How to Scrape Web Pages with Beautiful Soup and Python?

Scrape Web Pages with Beautiful Soup

What is Web Scraping?

When a script pretends to be a browser and retrieves web pages to extract information. Mainly web scraping refers to the extraction of data from a website.
For example, search engines, Google, etc scrape web pages, but we call that “web-crawling”.

In Python for web scraping we can use Beautiful Soup, package for parsing HTML and XML documents.

Beautiful Soup (HTML parser)

What is PIP?

PIP is a package manager for Python packages. If you have Python version 3.4 or later, PIP is included by default.

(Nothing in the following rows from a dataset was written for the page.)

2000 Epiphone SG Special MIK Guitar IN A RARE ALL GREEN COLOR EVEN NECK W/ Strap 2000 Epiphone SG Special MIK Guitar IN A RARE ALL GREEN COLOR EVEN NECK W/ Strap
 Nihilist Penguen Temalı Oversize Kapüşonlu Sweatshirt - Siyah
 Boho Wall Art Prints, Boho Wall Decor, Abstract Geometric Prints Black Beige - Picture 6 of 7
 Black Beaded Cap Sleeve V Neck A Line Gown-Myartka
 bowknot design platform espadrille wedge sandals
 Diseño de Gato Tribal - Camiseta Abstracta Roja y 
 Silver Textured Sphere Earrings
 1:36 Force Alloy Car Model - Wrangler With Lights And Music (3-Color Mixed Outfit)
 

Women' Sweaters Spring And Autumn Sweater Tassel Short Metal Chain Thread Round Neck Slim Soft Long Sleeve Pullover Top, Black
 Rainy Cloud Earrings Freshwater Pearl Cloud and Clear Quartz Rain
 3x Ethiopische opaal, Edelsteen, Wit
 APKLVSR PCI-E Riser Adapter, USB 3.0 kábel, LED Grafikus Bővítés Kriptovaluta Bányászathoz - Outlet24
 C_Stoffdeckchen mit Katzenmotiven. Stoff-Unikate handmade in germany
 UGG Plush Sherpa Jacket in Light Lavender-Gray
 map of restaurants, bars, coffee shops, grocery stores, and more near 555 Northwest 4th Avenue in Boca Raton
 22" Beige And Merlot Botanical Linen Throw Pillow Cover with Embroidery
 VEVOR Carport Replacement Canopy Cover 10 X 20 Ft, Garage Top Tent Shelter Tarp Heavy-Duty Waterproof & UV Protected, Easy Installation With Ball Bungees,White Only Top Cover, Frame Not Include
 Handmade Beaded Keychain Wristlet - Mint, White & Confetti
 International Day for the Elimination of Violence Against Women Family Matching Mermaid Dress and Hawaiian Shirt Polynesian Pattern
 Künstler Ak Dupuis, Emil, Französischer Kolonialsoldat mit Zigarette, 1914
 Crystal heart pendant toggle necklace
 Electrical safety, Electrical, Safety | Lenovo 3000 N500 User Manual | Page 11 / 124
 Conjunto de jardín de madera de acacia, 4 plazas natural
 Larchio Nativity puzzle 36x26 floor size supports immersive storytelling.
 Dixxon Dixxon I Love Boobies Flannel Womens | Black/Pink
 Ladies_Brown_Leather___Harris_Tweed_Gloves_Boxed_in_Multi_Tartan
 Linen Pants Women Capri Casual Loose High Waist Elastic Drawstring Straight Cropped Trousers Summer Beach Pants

How to install Beautiful Soup?

BeautifulSoup is not a standard python library, so we need to install it first, before use it.
To install Beautiful Soup run this:

pip install beautifulsoup4

Web Page Scraper with BeautifulSoup examples

Get all links from a web page

#Get all links from a web page
import urllib.request, urllib.parse, urllib.error

#import BeautifulSoup library
from bs4 import BeautifulSoup

#Ignore SSL certificate errors
import ssl
ctx = ssl.create_default_context()
ctx.check_hostname = False
ctx.verify_mode = ssl.CERT_NONE

url = input('Enter url: ')
#read() read all document. open() read line by line
html = urllib.request.urlopen(url, context=ctx).read()
soup = BeautifulSoup(html,'html.parser')

#Get all anchor tags
tags = soup('a')
for tag in tags:
    print(tag.get('href', None))